→ Task brief:
From the data that follows, print exactly the lines starting at the one containing "La festa major" and ending at the one containing "Benassi BL105H - Motozappa"; include both of them and nothing more.

=== Data records ===

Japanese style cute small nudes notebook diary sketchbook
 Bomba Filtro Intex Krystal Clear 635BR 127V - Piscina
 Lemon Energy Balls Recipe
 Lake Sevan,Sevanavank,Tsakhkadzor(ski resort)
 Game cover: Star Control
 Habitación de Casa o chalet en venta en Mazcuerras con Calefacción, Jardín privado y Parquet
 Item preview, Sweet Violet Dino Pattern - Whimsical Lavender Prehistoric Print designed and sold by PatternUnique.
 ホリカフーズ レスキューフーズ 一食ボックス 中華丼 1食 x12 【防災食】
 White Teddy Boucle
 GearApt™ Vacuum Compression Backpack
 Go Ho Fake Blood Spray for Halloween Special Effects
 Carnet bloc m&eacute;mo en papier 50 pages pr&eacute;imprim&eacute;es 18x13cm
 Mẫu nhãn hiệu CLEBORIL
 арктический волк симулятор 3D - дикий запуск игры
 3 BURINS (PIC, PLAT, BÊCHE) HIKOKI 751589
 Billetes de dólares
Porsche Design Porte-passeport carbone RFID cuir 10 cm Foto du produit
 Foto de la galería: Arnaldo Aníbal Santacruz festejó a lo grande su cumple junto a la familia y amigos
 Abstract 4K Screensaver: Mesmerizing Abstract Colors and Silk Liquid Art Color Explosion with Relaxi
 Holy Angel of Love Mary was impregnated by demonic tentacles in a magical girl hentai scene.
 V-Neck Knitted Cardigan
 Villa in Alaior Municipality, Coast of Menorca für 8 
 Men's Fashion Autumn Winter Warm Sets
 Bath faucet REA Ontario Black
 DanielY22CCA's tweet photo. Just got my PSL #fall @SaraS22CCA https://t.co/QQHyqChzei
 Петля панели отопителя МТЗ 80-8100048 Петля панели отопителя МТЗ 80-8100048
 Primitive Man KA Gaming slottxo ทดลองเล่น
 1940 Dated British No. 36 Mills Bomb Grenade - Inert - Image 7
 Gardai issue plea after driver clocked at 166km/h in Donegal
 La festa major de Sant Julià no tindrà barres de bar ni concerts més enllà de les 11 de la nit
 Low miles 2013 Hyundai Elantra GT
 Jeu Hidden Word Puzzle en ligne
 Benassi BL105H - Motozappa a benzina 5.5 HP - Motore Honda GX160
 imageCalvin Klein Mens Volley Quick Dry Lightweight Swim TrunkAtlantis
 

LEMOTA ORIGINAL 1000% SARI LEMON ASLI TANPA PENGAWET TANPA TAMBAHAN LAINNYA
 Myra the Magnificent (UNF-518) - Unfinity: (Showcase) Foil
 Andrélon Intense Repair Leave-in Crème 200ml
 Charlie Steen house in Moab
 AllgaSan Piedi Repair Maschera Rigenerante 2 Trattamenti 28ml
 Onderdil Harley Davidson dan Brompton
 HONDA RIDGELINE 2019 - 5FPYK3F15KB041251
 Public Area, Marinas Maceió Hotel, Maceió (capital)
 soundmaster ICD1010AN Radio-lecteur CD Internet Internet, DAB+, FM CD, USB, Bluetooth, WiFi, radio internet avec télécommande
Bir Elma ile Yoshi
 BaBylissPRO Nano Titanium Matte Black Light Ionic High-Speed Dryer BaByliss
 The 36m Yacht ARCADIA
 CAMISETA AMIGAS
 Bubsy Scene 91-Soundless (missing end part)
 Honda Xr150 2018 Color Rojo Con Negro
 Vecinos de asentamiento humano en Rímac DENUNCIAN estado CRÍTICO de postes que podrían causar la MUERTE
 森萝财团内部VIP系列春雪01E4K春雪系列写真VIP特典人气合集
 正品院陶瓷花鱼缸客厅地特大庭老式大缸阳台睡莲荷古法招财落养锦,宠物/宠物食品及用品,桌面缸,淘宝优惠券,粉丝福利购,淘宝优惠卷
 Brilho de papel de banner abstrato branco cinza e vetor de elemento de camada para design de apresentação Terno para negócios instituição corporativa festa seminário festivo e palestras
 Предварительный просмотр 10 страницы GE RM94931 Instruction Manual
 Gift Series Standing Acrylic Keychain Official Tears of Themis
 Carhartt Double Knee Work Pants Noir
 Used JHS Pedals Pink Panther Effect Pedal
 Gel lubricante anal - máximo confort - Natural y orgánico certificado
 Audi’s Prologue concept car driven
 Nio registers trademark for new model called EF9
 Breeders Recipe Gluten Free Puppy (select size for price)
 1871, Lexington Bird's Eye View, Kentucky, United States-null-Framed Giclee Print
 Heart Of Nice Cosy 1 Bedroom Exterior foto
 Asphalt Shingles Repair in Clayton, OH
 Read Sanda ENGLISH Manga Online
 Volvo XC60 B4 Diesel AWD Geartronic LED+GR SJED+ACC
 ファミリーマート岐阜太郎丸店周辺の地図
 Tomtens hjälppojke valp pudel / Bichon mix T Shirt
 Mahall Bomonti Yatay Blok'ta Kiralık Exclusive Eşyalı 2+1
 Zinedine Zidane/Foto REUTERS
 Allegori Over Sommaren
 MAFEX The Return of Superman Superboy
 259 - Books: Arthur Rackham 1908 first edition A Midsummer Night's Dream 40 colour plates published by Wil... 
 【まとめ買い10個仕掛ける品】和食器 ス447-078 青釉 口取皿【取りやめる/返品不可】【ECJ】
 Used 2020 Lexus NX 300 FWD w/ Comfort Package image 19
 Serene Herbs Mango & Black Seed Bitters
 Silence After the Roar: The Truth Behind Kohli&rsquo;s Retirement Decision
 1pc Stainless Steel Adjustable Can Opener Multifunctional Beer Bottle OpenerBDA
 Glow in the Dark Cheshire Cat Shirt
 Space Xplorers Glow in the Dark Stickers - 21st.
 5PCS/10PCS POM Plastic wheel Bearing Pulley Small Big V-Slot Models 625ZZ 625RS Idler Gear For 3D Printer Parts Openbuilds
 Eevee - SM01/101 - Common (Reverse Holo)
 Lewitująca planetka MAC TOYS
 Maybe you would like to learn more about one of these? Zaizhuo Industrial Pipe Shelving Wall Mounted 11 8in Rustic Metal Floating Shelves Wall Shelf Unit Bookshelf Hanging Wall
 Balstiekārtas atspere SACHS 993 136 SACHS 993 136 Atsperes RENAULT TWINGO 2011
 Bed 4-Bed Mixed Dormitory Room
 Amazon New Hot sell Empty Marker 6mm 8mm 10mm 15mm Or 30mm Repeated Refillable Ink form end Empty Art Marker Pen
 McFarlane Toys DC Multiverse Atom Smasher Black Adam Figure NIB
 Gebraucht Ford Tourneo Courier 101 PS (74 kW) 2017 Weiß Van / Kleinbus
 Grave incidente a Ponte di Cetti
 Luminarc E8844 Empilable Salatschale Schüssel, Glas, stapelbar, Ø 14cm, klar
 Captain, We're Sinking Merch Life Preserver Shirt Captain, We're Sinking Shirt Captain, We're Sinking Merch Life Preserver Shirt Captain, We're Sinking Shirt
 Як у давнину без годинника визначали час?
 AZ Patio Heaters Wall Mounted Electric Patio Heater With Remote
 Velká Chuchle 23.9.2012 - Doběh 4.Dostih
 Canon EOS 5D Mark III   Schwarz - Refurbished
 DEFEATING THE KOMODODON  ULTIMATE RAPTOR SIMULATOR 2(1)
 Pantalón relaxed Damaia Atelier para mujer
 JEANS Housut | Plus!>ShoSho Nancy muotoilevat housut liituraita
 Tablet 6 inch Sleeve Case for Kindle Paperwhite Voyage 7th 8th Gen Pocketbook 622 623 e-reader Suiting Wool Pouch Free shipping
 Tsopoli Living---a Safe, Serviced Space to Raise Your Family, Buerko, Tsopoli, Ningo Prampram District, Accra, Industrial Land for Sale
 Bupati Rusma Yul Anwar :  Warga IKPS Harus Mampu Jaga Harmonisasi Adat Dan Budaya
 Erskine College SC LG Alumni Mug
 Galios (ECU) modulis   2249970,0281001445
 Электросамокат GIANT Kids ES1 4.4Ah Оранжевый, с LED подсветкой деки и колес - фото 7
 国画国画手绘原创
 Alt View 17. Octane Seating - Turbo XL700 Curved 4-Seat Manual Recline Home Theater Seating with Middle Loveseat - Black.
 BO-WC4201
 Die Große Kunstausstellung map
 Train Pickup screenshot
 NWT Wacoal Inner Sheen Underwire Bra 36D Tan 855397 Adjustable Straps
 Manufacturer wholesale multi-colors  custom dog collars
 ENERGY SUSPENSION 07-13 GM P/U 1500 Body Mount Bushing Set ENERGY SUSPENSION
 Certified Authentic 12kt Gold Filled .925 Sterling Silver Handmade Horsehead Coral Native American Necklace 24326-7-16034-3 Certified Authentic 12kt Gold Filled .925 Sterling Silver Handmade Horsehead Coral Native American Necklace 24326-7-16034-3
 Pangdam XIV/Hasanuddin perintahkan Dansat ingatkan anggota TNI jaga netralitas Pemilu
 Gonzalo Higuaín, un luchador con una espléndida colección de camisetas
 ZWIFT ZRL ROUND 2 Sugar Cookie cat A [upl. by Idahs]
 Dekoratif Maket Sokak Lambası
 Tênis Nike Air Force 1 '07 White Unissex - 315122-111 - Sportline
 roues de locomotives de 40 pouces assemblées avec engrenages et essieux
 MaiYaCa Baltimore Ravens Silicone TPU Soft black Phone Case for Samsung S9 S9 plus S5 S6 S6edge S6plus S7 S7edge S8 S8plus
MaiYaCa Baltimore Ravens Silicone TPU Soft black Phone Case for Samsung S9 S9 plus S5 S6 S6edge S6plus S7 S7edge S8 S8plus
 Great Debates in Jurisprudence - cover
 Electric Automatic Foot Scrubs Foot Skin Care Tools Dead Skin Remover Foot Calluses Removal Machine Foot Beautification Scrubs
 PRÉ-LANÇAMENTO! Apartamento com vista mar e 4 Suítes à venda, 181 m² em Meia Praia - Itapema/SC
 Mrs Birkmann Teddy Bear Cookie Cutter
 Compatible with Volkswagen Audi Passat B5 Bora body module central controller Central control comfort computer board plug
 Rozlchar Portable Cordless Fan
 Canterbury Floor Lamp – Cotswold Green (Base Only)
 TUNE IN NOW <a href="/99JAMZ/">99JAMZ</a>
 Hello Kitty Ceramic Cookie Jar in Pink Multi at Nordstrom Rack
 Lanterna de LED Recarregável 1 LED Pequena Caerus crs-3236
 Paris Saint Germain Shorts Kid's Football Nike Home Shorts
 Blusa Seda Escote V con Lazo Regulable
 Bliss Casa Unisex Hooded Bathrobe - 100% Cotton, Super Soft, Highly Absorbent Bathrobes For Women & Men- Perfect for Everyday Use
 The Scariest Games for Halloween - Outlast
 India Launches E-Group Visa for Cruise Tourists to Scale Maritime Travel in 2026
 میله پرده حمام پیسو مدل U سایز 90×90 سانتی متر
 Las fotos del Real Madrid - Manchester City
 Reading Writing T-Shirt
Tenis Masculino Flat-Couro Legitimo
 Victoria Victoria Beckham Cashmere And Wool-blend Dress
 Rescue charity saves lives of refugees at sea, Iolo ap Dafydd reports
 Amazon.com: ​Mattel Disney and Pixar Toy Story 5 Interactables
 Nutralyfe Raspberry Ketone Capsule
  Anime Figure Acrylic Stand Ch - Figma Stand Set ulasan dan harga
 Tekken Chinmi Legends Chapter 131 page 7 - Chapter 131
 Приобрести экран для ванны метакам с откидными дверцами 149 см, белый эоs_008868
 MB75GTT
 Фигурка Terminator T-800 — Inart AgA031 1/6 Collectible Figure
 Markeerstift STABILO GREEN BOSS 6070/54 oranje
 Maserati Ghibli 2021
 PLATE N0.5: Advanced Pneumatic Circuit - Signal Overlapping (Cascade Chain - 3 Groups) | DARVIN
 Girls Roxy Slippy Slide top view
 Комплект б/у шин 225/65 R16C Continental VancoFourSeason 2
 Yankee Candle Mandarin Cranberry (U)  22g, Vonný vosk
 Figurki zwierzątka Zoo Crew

===

→ Written answer:
 La festa major de Sant Julià no tindrà barres de bar ni concerts més enllà de les 11 de la nit
 Low miles 2013 Hyundai Elantra GT
 Jeu Hidden Word Puzzle en ligne
 Benassi BL105H - Motozappa a benzina 5.5 HP - Motore Honda GX160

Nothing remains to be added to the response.